It seems as if Annie Leibovitz’s Pirelli revolution has stuck.
The Pirelli Calendar ― generally a model-filled item given to VIP customers of the Italian tire company along with politicians, royalty and other influential persons each year ― has made its 2017 debut, and appears to follow in the footsteps of Leibovitz’s progressive and hugely deviational 2016 edition.
Instead of models, German fashion photographer Peter Lindbergh chose actresses who he says have played an important role in his life. They are: Jessica Chastain, Penelope Cruz, Nicole Kidman, Rooney Mara, Helen Mirren, Julianne Moore, Lupita Nyong’o, Charlotte Rampling, Lea Seydoux, Uma Thurman, Alicia Vikander, Kate Winslet, Robin Wright, Zhang Ziyi and one non-actress, Anastasia Ignatova, the professor of political theory at the Moscow State University of International Relations.
Although the calendar is manufactured as a splashy advertisement for Pirelli, photographers have recently started using it to comment on women in media. Like Leibovitz’s subjects, Lindbergh’s are captured in black and white, simply clothed.
“In a time when women are represented in the media and everywhere else as ambassadors of perfection and youth, I thought it was important to remind everyone that there is a different beauty, more real and truthful and not manipulated by commercial or any other interests, a beauty which speaks about individuality, courage to be yourself and your own private sensibility,” the photographer said in a statement.
For many years, the tire company stuck to featuring nude or nearly nude women (think Kate Moss, Gisele Bündchen and Naomi Campbell) posed as if in homage to ‘50s pinups in the calendar it’s produced on and off since 1964.
Last year’s edition sparked discussion for its radical tonal shift. Instead of choosing women for their beauty, Leibovitz selected her female subjects based on their achievements, such as the New York Museum of Modern Art’s 77-year-old President Emerita Agnes Gund and 65-year-old author Fran Lebowitz. With a few exceptions ― including Amy Schumer, who was jokingly positioned as if she didn’t get the memo ― last year’s subjects stayed clothed, channeling a sense of optimism reflected in “the first credible woman presidential candidate” and increasing numbers of leading female characters in entertainment, an advertising executive told The New York Times.

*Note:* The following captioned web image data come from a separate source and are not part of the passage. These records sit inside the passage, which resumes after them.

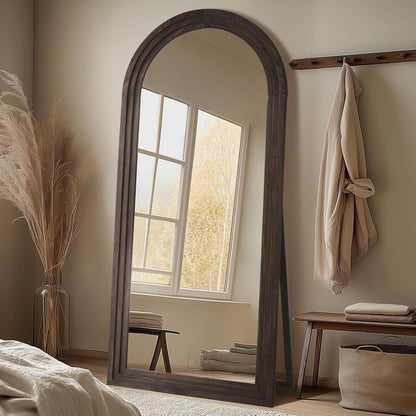 MELOMOIR Arched Full Length Mirror with Solid Wood Frame, 56"x21" Rustic Farmhouse Floor Mirror with Stand, Free Standing Leaning Hanging, for Bedroom Living Room Dressing Room Entryway, Brown
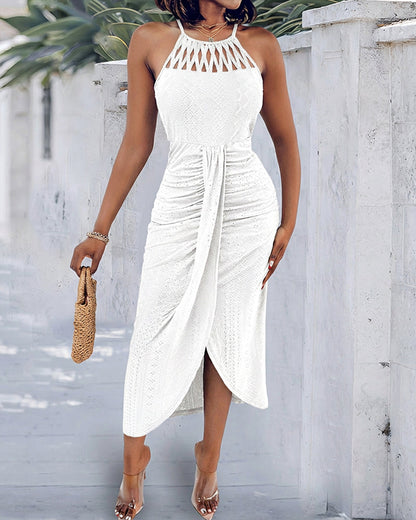 Vestido midi mujer jacquard halter abertura elegante verano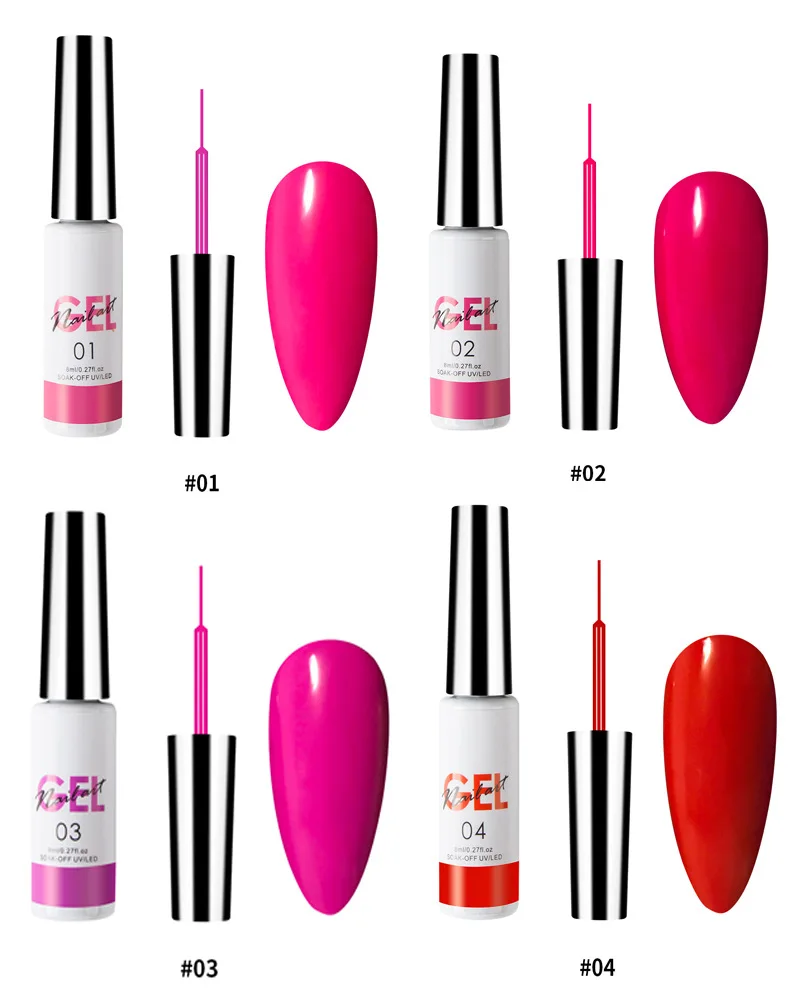 Wholesale 6colors 12 Colors Set Uv Led Nail Art Liner Pastel Platinum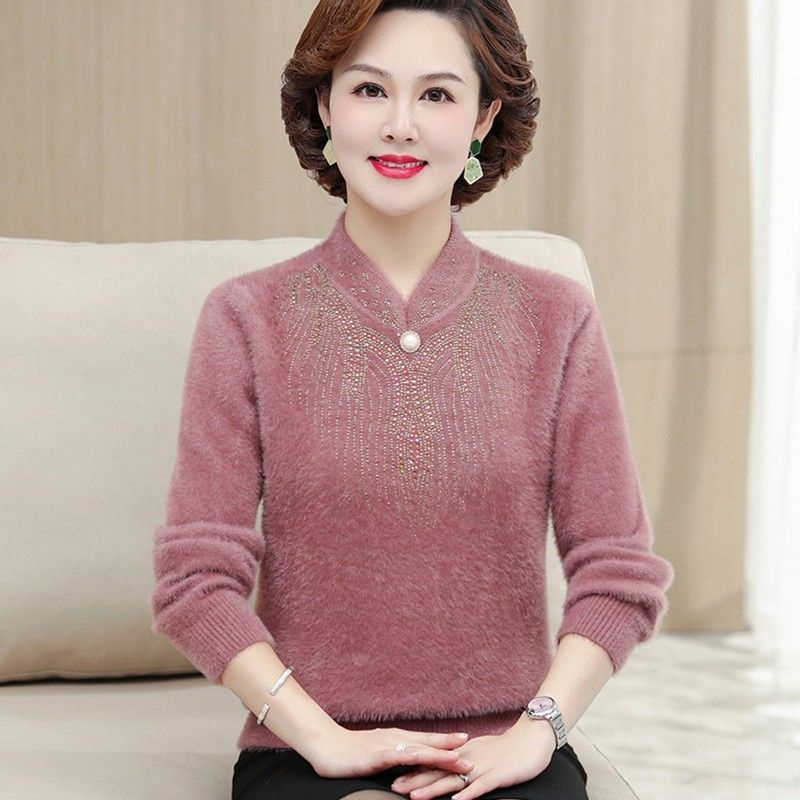 Áo len lông chồn mùa thu đông mới của mẹ dành cho phụ nữ trung niên ấm áp cho người trung niên và người già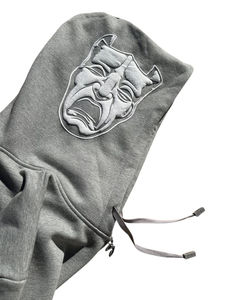 Fermeture à glissière complète, Street Oversized Acid Wash Loose Box Fit Cropped Hoodies pour homme Heavyweight Paint basics coton mélangé - Product Image 6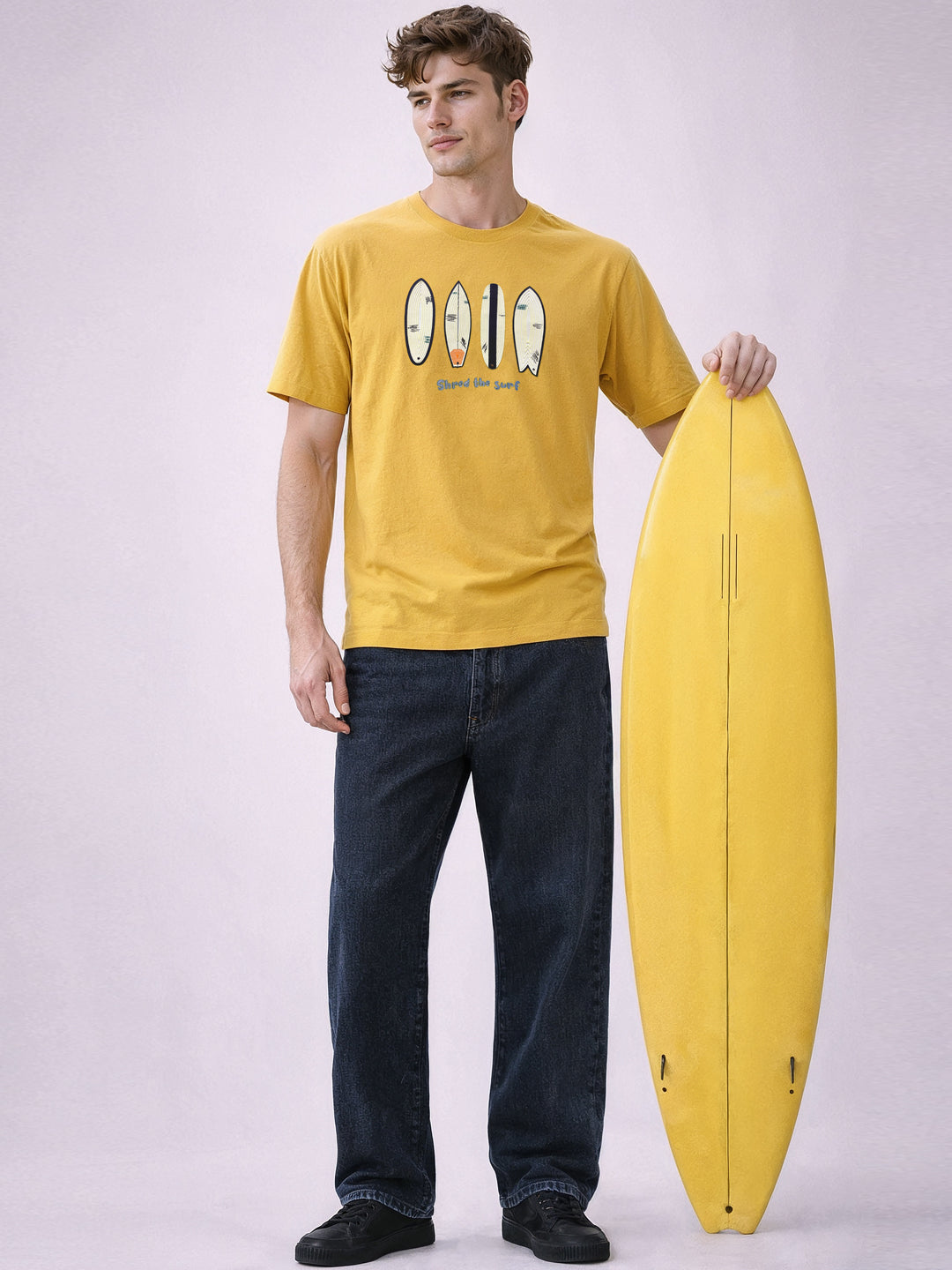 Status Quo Men’s Regular Fit Round Neck T-Shirt with Typography and Graphic Print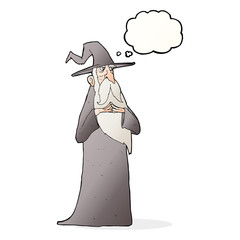 cartoon old wizard with thought bubble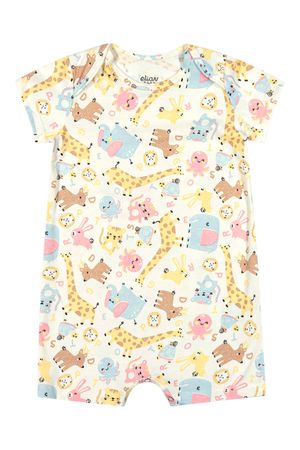 Macaquinho Bebê Menina Animais Cotton Elian Branco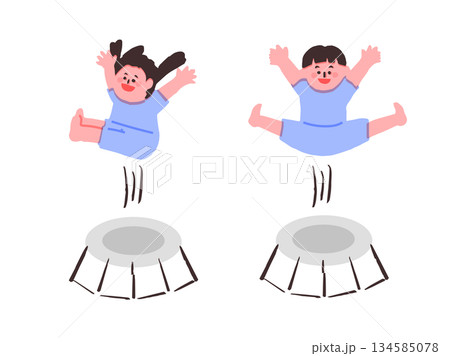 楽しそうにトランポリンをしている子供のイラスト 134585078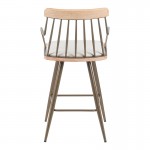 Σκαμπό μπαρ Posse pakoworld μέταλλο μπρονζε-white wash ξύλο-μπεζ ύφασμα 48x54x92 5εκ c502532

At the time, it wasn’t clear whether Leibovitz’s message would continue in subsequent years.
But Lindbergh has made for a good follow-up. In his career as a fashion photographer, he is known for capturing his (mainly female) subjects naturally and with cinematic flair.
“I must say, there is only one way for the future, and this is to define women as strong and independent,” he told Interview magazine in 2014.
The 40 images in the Pirelli calendar were taken in Berlin, Los Angeles, New York, London and a beach in France ― but to see them in their entirety, it appears you’ll still have to befriend some royalty.